New in Media Center 25 (25.0.17 and newer), we can now leverage the Video Encoding hardware present in modern graphics cards.
This allows much faster encoding of videos, either for handhelds, streaming, or any other purpose, and allows systems with a slower CPU to provide streaming services to remote clients, like JRemote or Panel.
At this time, we support encoding into H.264, which is the most widely used and supported video format today.
Both Panel and JRemote automatically use a H.264 based format for streaming, and if you want to benefit from the accelerated encoding for DLNA, you should pick an H.264 format as well (ie. a H264-TS variant, for example).
In the initial version of this feature, we support encoding through NVIDIA NVENC, available on practically all NVIDIA Graphics Cards from the last decade, and with Intel QuickSync, available since the Sandy Bridge generation (HD2500/HD3000 GPUs).
It should be noted that while old Graphics Cards are theoretically supported, newer cards will generally produce higher quality video streams - and especially with Intel, some older cards which no longer receive driver updates might run into unsolved bugs.
To enable hardware accelerated encoding, we've restructured the Settings -> Encoding page, so all that spare space can be put to use.
Right now there are only two options:
- Use Hardware Video Encoding if available
- Favor Quality over Performance in Hardware Encoding mode
For most cases, the Hardware Encoders are so fast that Quality should always be preferred, however if you find yourself streaming to many clients at the same time, you might need to speed it up even further and use Performance mode instead.
How does the Quality compare to using a Software encoder?
It depends. As mentioned above, newer hardware will produce a higher quality encoded video. On relatively recent hardware, for Live Streaming scenarios (ie. to JRemote/Panel or DLNA), the Hardware Encoders are really quite good, in comparison.
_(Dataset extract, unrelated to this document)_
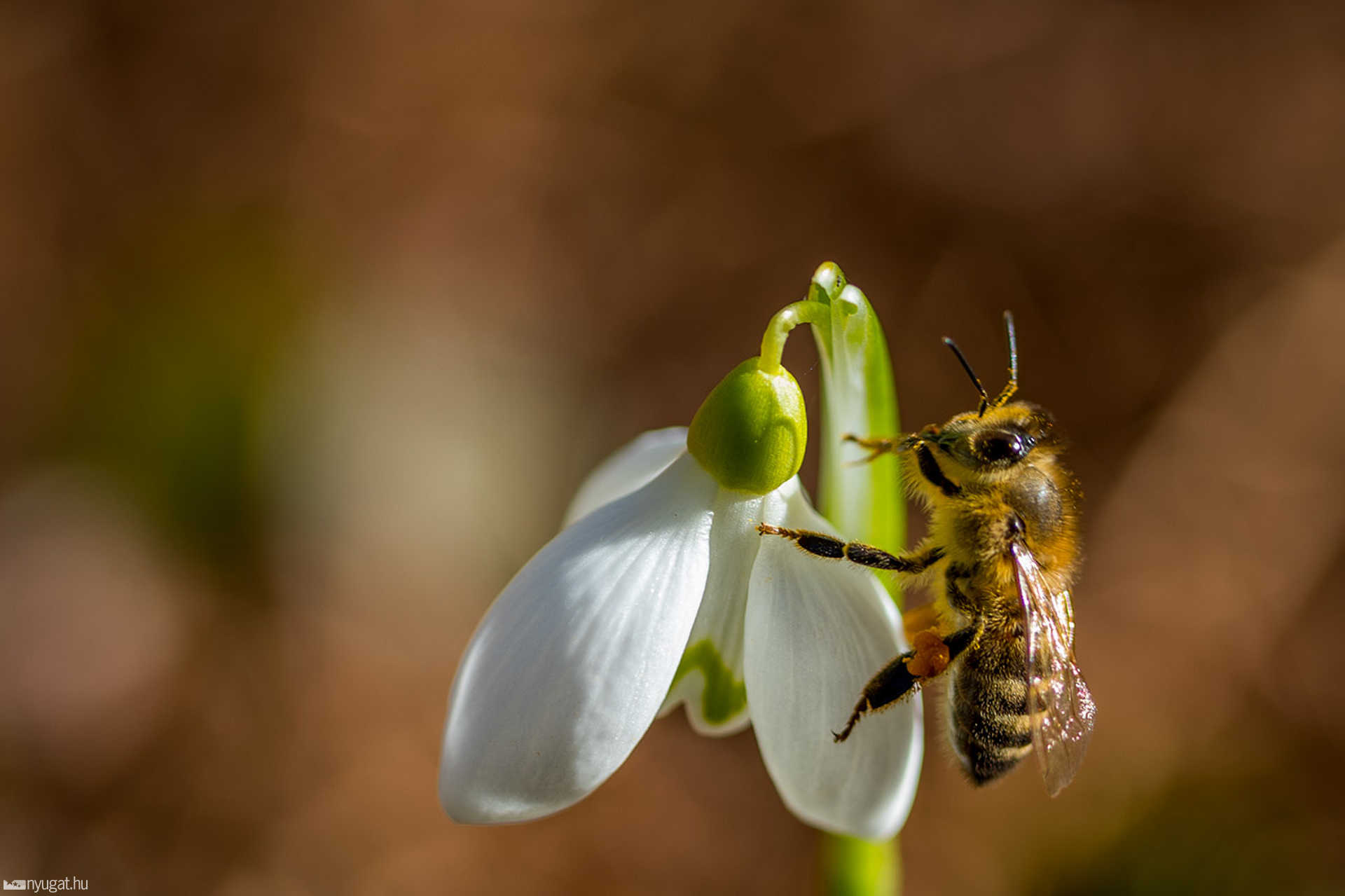 A tavasz első virágai az arborétumban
However, if you want the absolute highest quality when encoding a video for archival, then the software encoder might be higher quality - although also much slower.
In the future, we'll be introducing new options during MC25 to further fine tune encoding of videos, both for the Hardware Encoders and the software encoder, as well as work on further improving the performance by off-loading more tasks to the GPU.
We're also looking into supporting the encoding capabilities of AMD graphics cards in a future update.